At $230, it’s too expensive considering that you can nowadays find a 27″ 1440p ~165Hz IPS gaming monitor with faster response times, wider color gamut and ergonomic stand for under $250, such as the Acer XV272UV.
However, if you’d rather have a curved VA panel with a higher contrast ratio, the Gigabyte GS27QC is a solid option at $200. Alternatively, consider the Koorui 27E6QC with a wider color gamut and a more subtle 1800R curvature; it can be found on sale for $170.
A model with an ergonomic stand and a wider color gamut, such as the Gigabyte G27QCA and the Dell S2722DGM will cost you around $250, but at this price range, you should also consider investing $30 – $60 extra for the AOC Q27G3XMN with a mini LED backlight for much better HDR image quality.

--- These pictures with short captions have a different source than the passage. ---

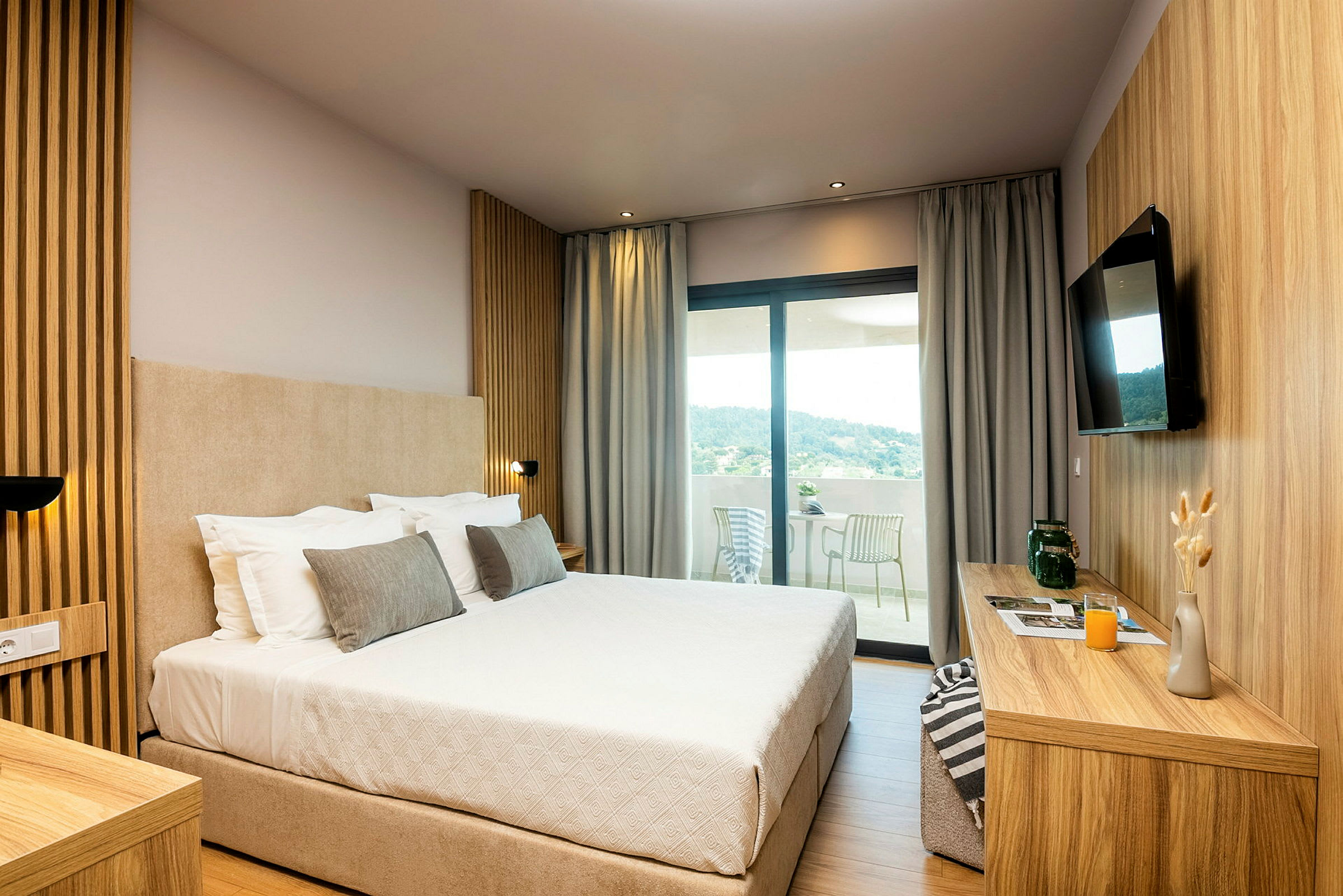 Hotellrum med en stor säng, modern inredning och utsikt mot en terrass. (AI-genererad text)
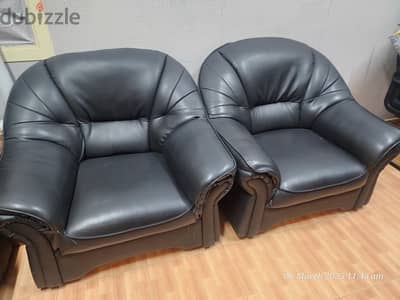 Two comfy leather single-seater sofas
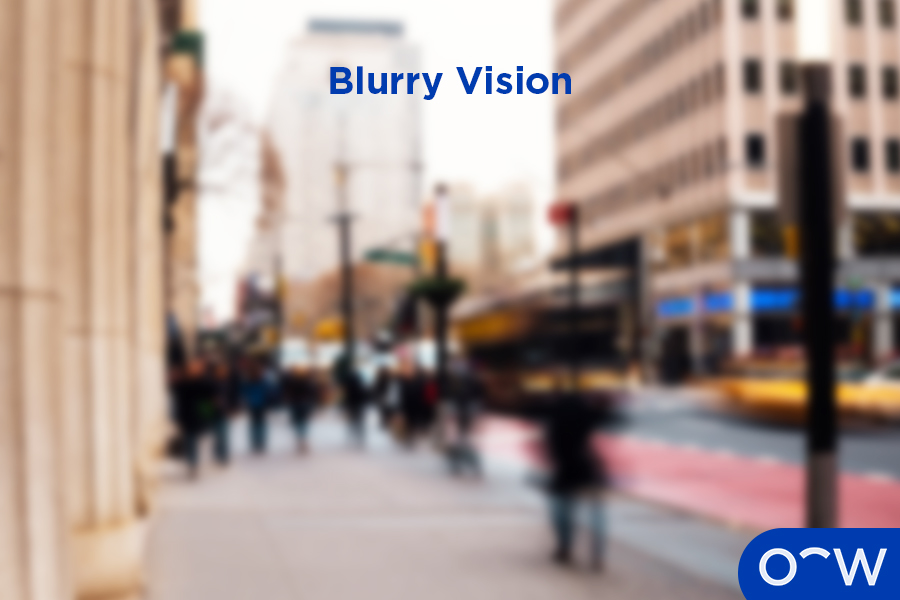 A person with blurry vision caused by a corneal abrasion.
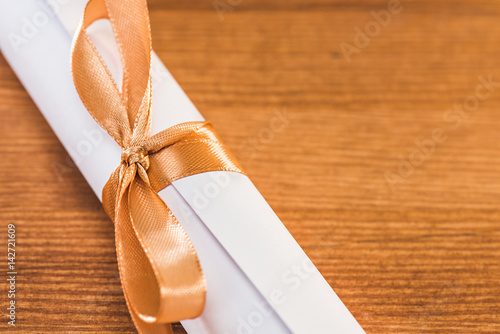 close up view of graduation university diploma with ribbon on wooden table, education concept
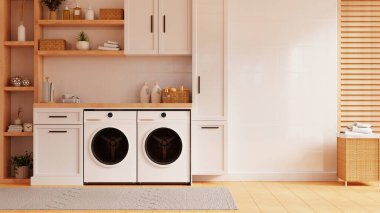 Çamaşır odasında, arka planda beyaz bir duvara dayalı modern çamaşır makinesi.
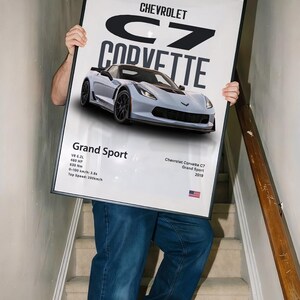 May include: A framed poster featuring a light blue Chevrolet Corvette C7 Grand Sport. The poster includes the car's specifications, such as the V8 6.2L engine and 460 HP. The text "Chevrolet Corvette C7 Grand Sport 2019" is also visible.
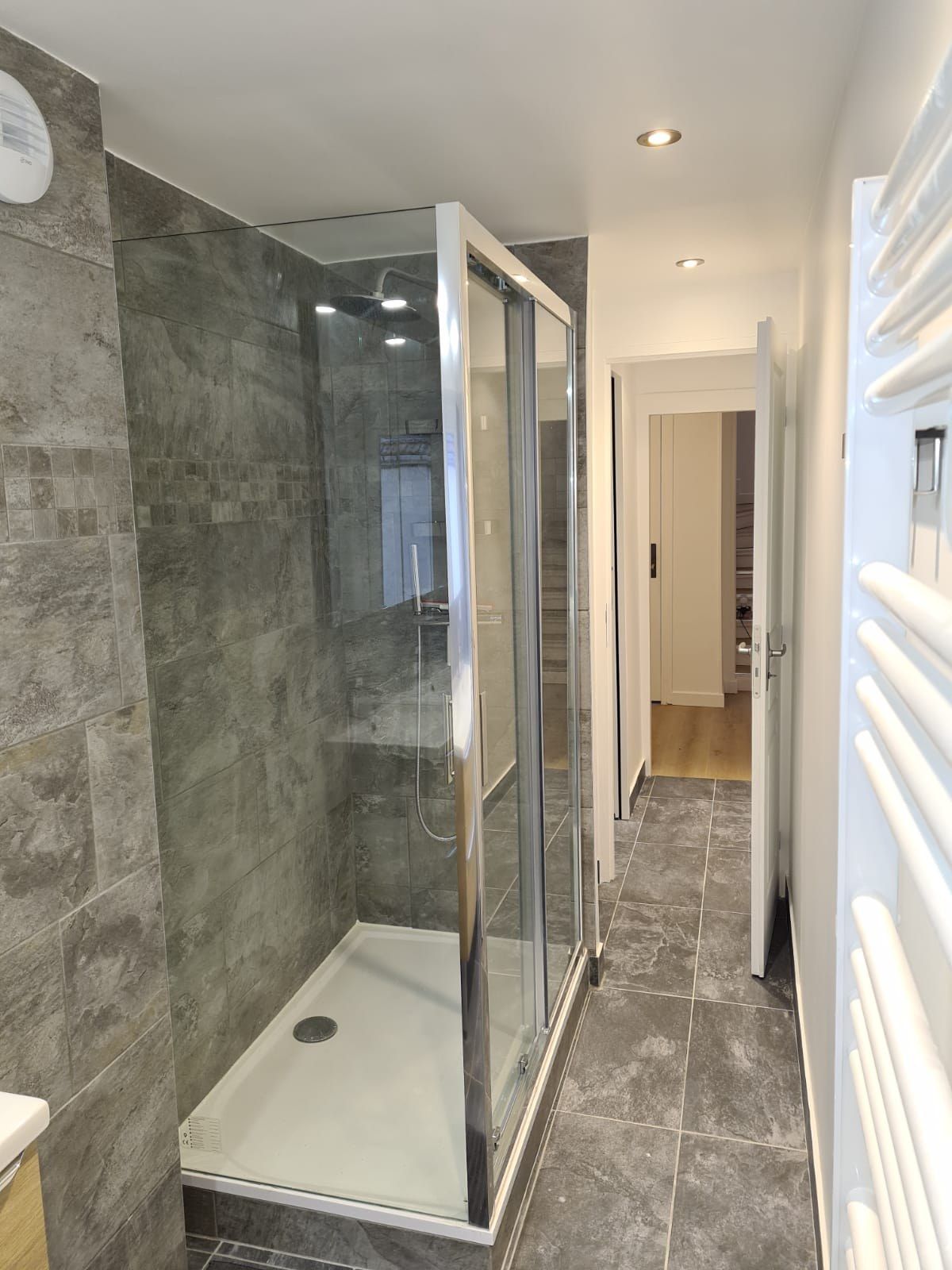 Salle d'eau avec douche à l'italienne, carrelage gris et paroi vitrée sur mesure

To learn more about monitors and ensure you’re getting the model most suited for your personal preference, visit our comprehensive and always up-to-date best gaming monitor buyer’s guide.
If you’re looking for a 27″ 1440p gaming monitor for $200 or less, the Gigabyte GS27QC is an excellent option.
In case you’re sensitive to dark-level ghosting, we recommend investing $20 – $50 in an IPS model, which will also provide you with more vibrant colors (albeit at the cost of contrast ratio and IPS glow).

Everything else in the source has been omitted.